Moreover, we implemented five sequences with 300 frames for each sequence to demonstrate the ITF value of our algorithm when compared with the other method as shown in
Table 2 and
Table 3, which is fairly evaluated. It was clear to perform our algorithm switch to both methods depending on the motion behavior. Sequence 1 and Sequence 2 showed the ITF of our proposed method that resembled a KLT tracker due to the percentage of the estimation method with both method being similar, and an IMU-aided motion estimator was inefficient in case of low rotations. Hence, it means a KLT tracker is useful for low rotations. However, in the case of fast rotations more than the case of low rotations, e.g., Sequences 3–5, the standalone of the IMU-aided motion estimator was more for the ITF than that a KLT tracker. Moreover, in the case of fast rotations, the IFT of our proposed model is better than standalone KLT tracker and an IMU-aided motion estimator because our algorithm can conduct all rotational behaviors. The demos of the stabilized video is shown in the following link:
https://youtu.be/ZS_PLFBBRAM.
In
Figure 12, we represent the PSNR of Sequence 1 that was used to calculate the ITF, as shown in
Table 3 demonstrates the stabilized efficiency. It can be seen that the value of an original video is lower than the stabilized video in different motion estimation methods. The PSNR of the KLT tracker is higher than other methods, as shown by the data in
Table 3 showing the latter with a high ITF. But some of the consecutive frames with a KLT tracker are under the original video, which means the stabilized video in the subsequent frame is rough due to a KLT tracker failure. On the contrary, with our proposed method maintains the PSNR over the original video. It means the whole video of our proposed method achieved smoothness without any rough display on the video.
The maximum and average of MSE, are shown in
Table 4 through comparison of the other methods. Most of the values from our proposed method was less than the standalone of a KLT tracker and an IMU-aided motion estimator, especially when the camera was moving with high rotation in the Sequences 3–5.
The effect of the motion is illustrated in
Figure 13, which showed our effective approach in smoothening the large motion in Sequence 1 from the Kalman filter. It improved the evenness over the originally measured motion by removing the undesired motion in both the
x and
y trajectories. Both offsets in the
x- and
y-trajectories of the stabilized video was smoother than the original one and that calculating in real-time.
Furthermore, we examined the execution of our algorithm in real-time with diverse threaded approaches. We implemented the algorithm on an Intel NUC Core i5-5250U at a frequency of 1.60 GHz, operating on ROS (Robot Operating System) in the Ubuntu platform. In the case of the single-threaded approach, we used the recorded rotational data from real-time, loading it offline for estimating the motion of high rotations with the IMU-aided motion estimator.

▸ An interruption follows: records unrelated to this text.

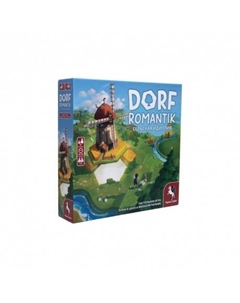 Настольная игра Dorfromantik: Сельская идиллия арт.8708 Нескучные игры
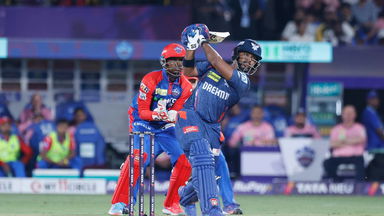 Powerful Pooran's flamboyant knock of 75(30)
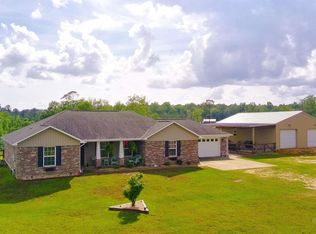 733 Jernigan Rd, Brewton, AL 36426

Table 5 shows the comparison between single-threaded and multi-threaded approaches, respectively, showing an average frame rate for the multi-threaded approach to be 25.1 fps, which increased by 26.7%, compared to single-threaded approach.
The higher frame rate of the multi-threaded approach, more than the single-threaded approach shared the data with another thread suiting our proposed algorithm, described in real-time stabilization. The multi-threaded approach reduced the processing time to smoothen the trajectory because it could be calculated immediately with no waiting of the motion estimated data. Nevertheless, it has limited frame speed due to the firmware of the low-cost camera. Thus, this approach used less memory and low computational load to synchronize the threads of the stabilized video in real-time, which could be implemented in the high-level applications.